◆ **Instructions to follow**: Wherever the line that contains "Air Force Academy graduates" falls, repeat it and the lines after it exactly until the records end, without any pictures.

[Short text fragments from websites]

──────────────────────────────

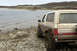 1989 Ford Bronco - A muddy 1989 Ford Bronco is parked on a rocky shore next to a body of water.
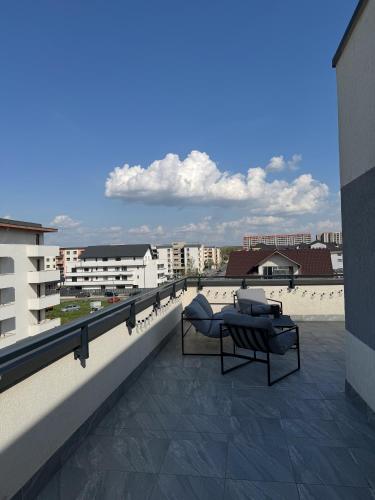 a balcony with a couch and chairs on a building at Skylark - Monaco Penthouse with Jacuzzi & Panoramic View in Braşov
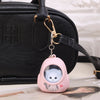 A pink bear-shaped nightlight keychain with an astronaut charm hanging from a black leather bag strap.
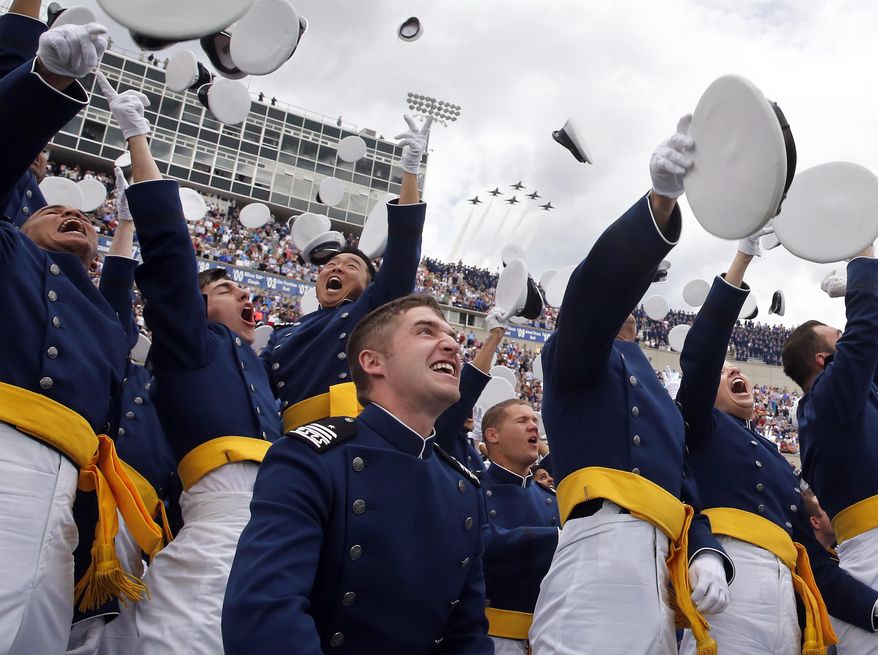 Air Force Academy graduates throw their caps into the air as F-16 jets from the Thunderbirds make a flyover, at the completion of the graduation ceremony for the class of  2015, at the U.S. Air Force Academy, in Colorado Springs, Colo., Thursday, May 28, 2015.  (AP Photo/Brennan Linsley) **FILE**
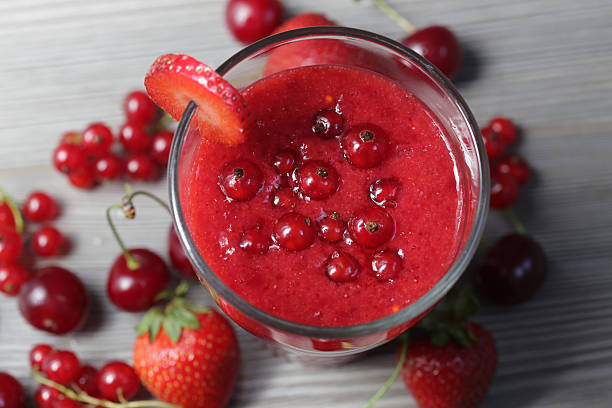 Red smoothie with strawberry cherry and currant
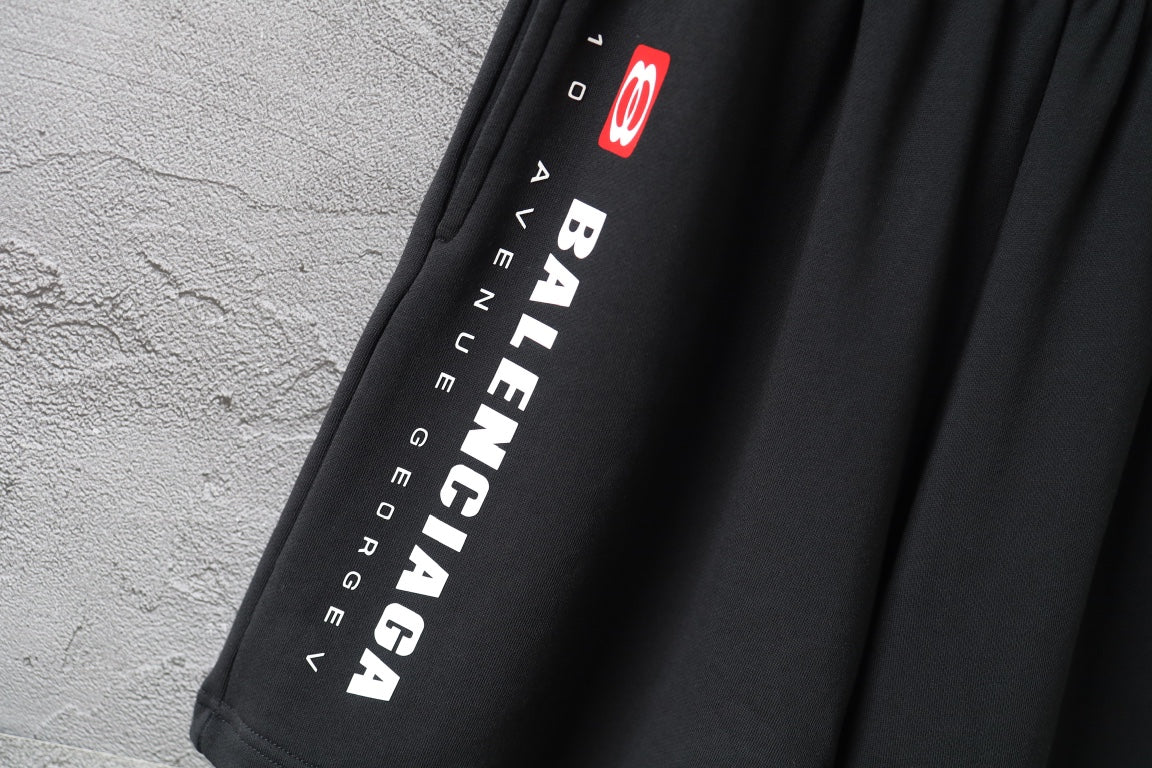 Balenciaga vertical logo text and icon on black pants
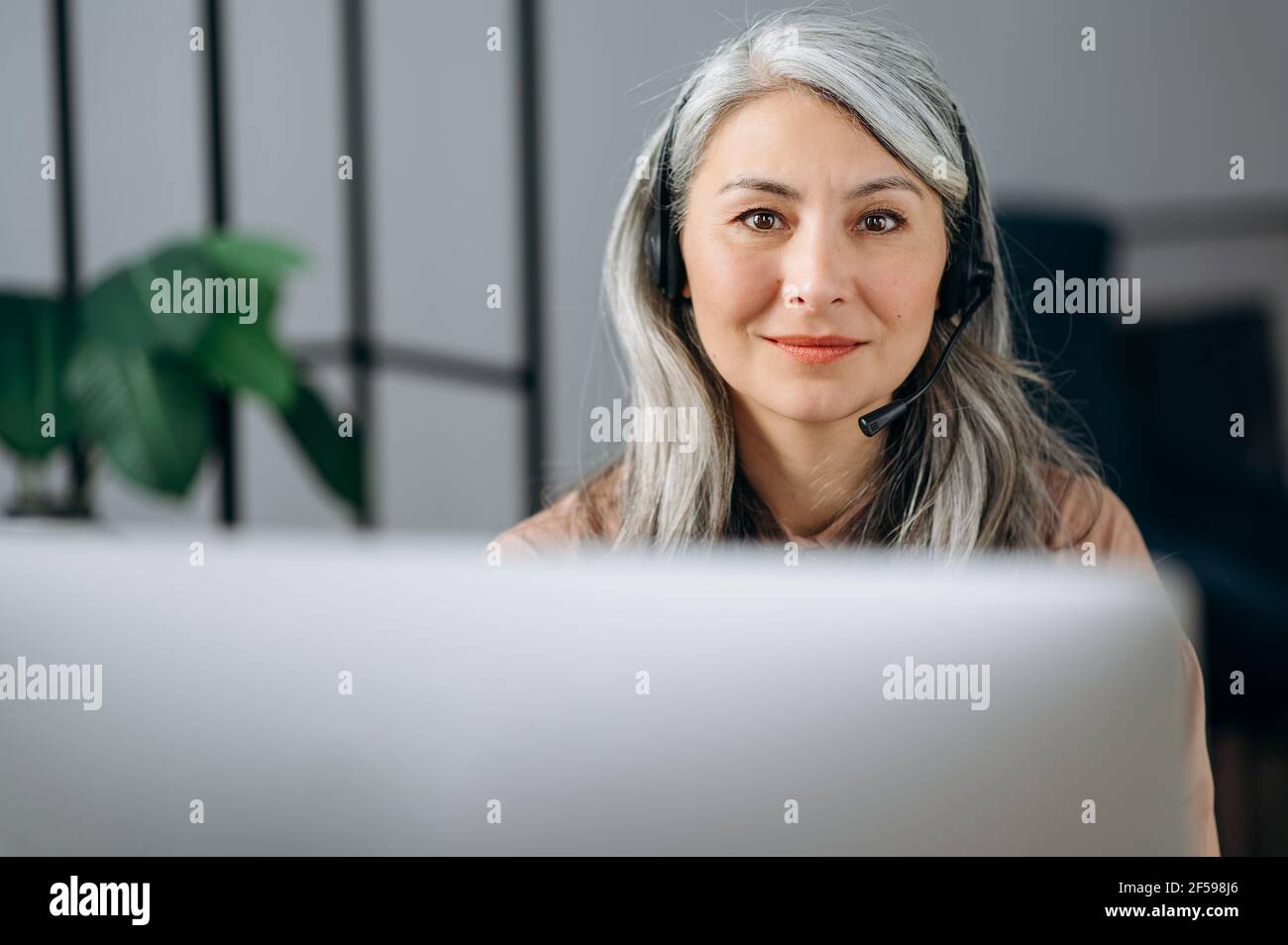 Portrait de belle femme asiatique, femme d'affaires, avocate, agent immobilier, avec un casque devant l'ordinateur, regardant l'appareil photo, souriant sympathique Banque D'Images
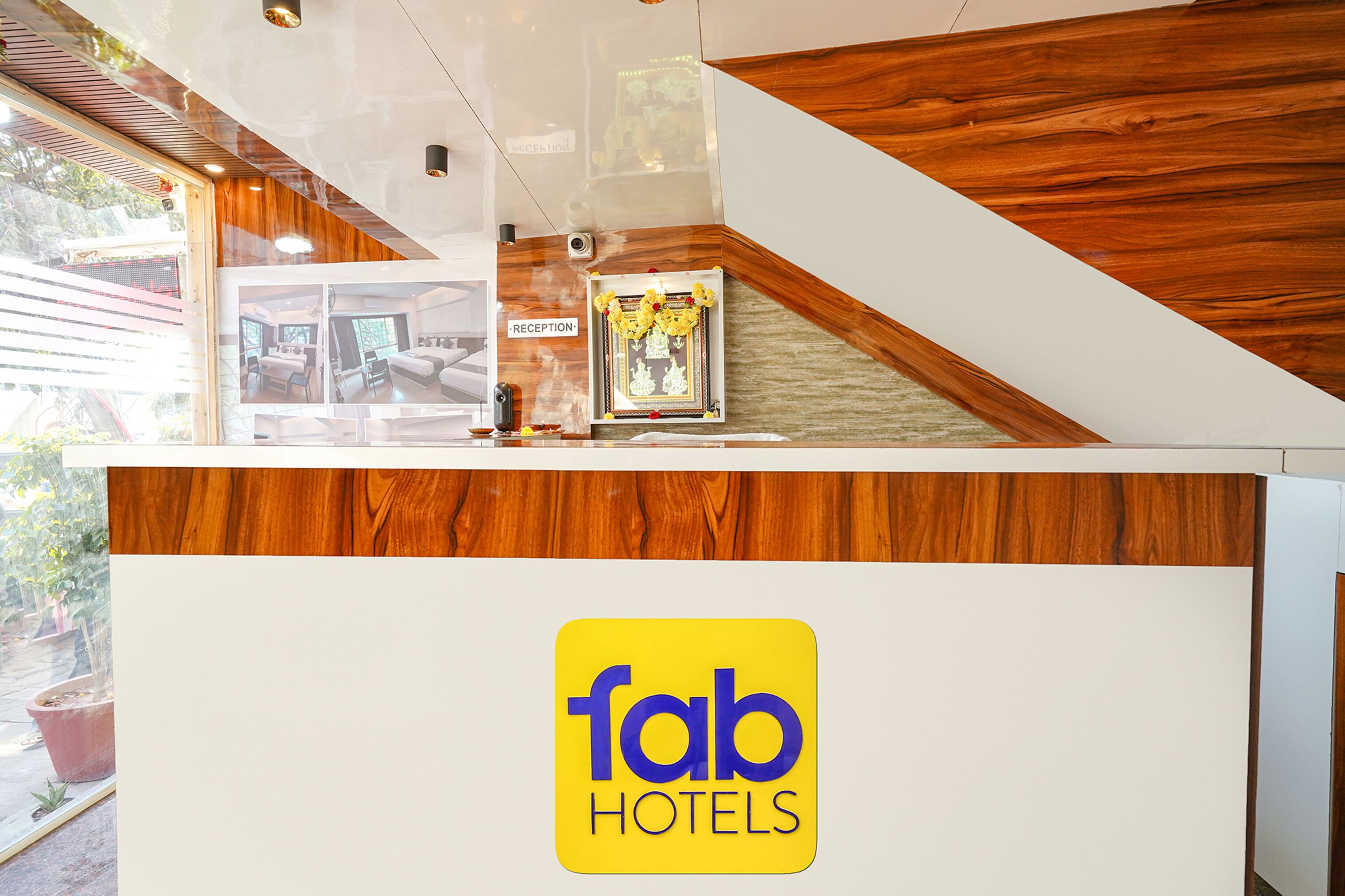 Una reception con il cartello 'fab hotels', un'area ricevimento e un quadro di una camera.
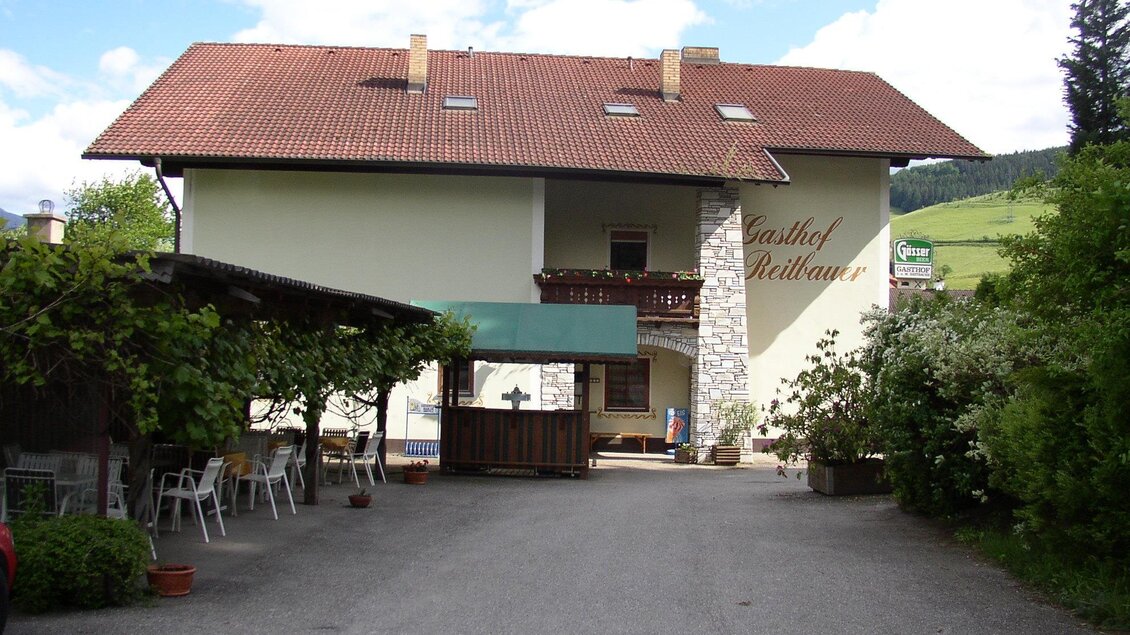 Ein gemütliches Gasthaus mit einem großen, überdachten Außenbereich. Umgeben von Bäumen, bietet es eine einladende Atmosphäre in ländlicher Umgebung.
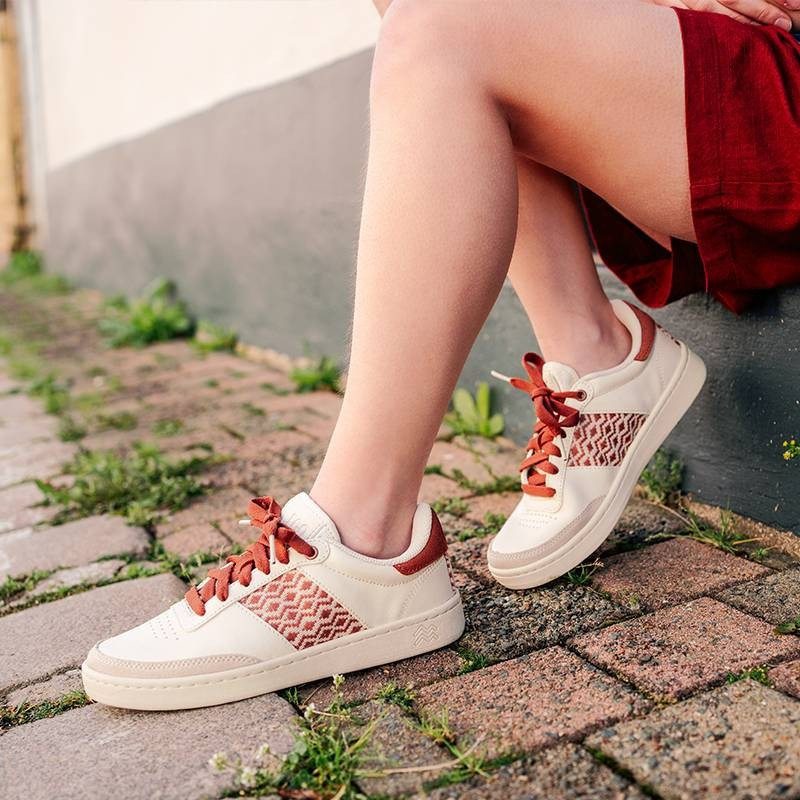 Modèle portant une paire de baskets en cuir avec des motifs ethniques artisanaux, lookbook. Saigon Classique Terracotta.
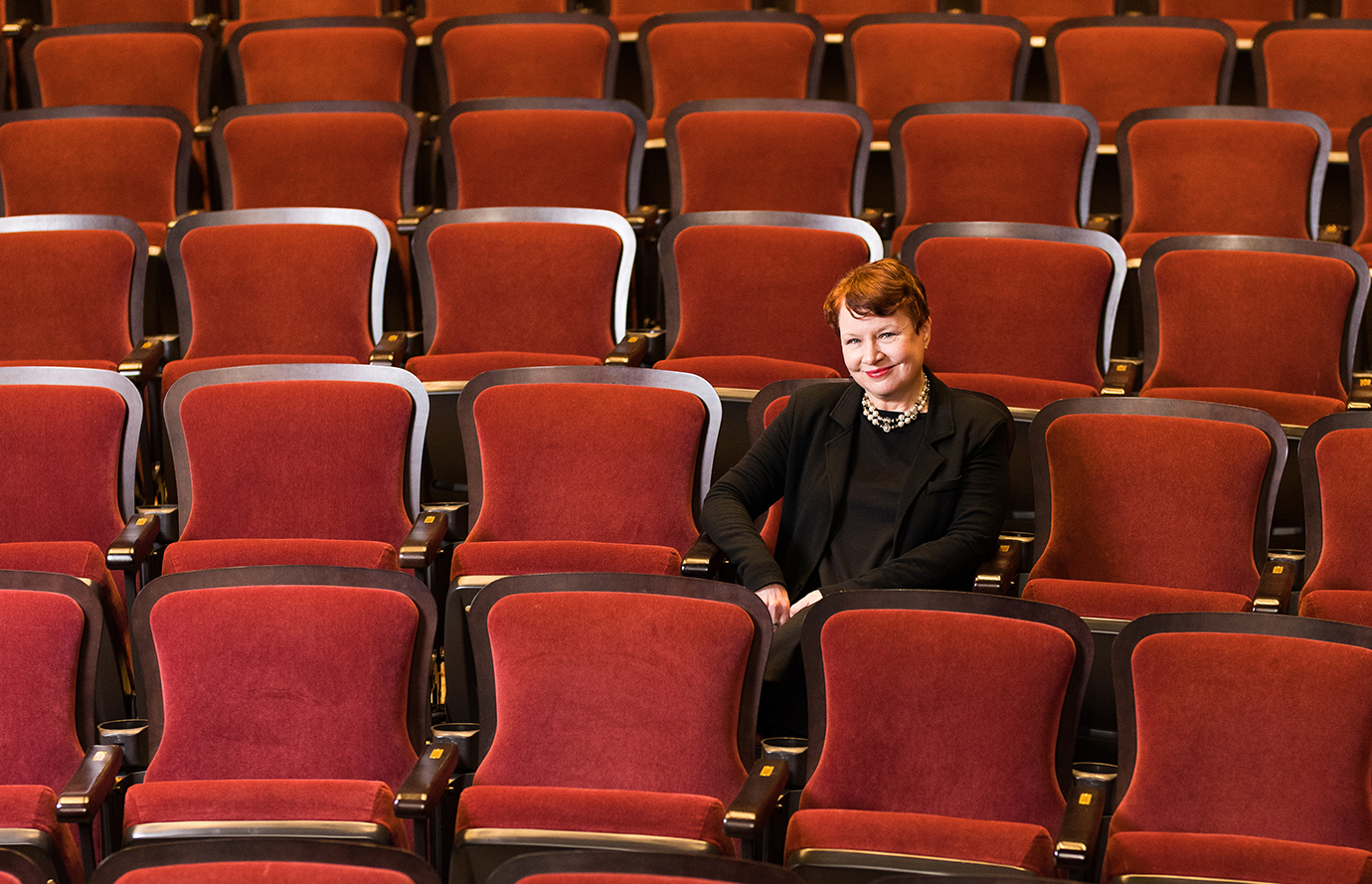 一个女人坐在剧院,周围是红色的席位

──────────────────────────────

◆ **Solved exercise**:
 Air Force Academy graduates throw their caps into the air as F-16 jets from the Thunderbirds make a flyover, at the completion of the graduation ceremony for the class of  2015, at the U.S. Air Force Academy, in Colorado Springs, Colo., Thursday, May 28, 2015.  (AP Photo/Brennan Linsley) **FILE**
 Red smoothie with strawberry cherry and currant
 Balenciaga vertical logo text and icon on black pants
 Portrait de belle femme asiatique, femme d'affaires, avocate, agent immobilier, avec un casque devant l'ordinateur, regardant l'appareil photo, souriant sympathique Banque D'Images
 Una reception con il cartello 'fab hotels', un'area ricevimento e un quadro di una camera.
 Ein gemütliches Gasthaus mit einem großen, überdachten Außenbereich. Umgeben von Bäumen, bietet es eine einladende Atmosphäre in ländlicher Umgebung.
 Modèle portant une paire de baskets en cuir avec des motifs ethniques artisanaux, lookbook. Saigon Classique Terracotta.
 一个女人坐在剧院,周围是红色的席位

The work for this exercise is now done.